(What you should do):
From the entries below, reproduce exactly the line containing "If you want", the line containing "In order to", and every line in between, with nothing added.

(Data to use):
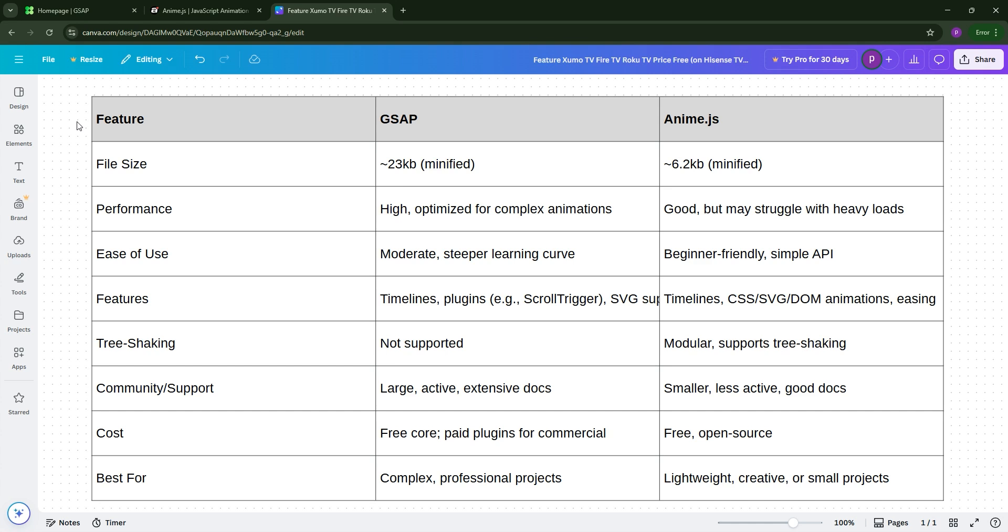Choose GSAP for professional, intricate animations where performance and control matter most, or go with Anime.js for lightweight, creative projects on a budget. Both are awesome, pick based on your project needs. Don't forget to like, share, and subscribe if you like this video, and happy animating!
==
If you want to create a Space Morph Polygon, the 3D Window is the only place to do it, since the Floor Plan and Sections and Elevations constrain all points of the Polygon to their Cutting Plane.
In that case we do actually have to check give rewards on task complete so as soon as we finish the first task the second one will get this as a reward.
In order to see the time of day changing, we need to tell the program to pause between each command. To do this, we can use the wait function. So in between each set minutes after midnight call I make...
...
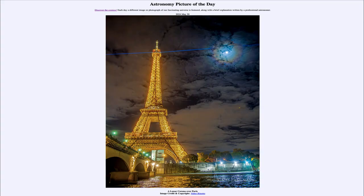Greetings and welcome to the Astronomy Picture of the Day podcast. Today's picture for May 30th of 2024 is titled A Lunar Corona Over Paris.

(Answer to this exercise):
If you want to create a Space Morph Polygon, the 3D Window is the only place to do it, since the Floor Plan and Sections and Elevations constrain all points of the Polygon to their Cutting Plane.
In that case we do actually have to check give rewards on task complete so as soon as we finish the first task the second one will get this as a reward.
In order to see the time of day changing, we need to tell the program to pause between each command. To do this, we can use the wait function. So in between each set minutes after midnight call I make...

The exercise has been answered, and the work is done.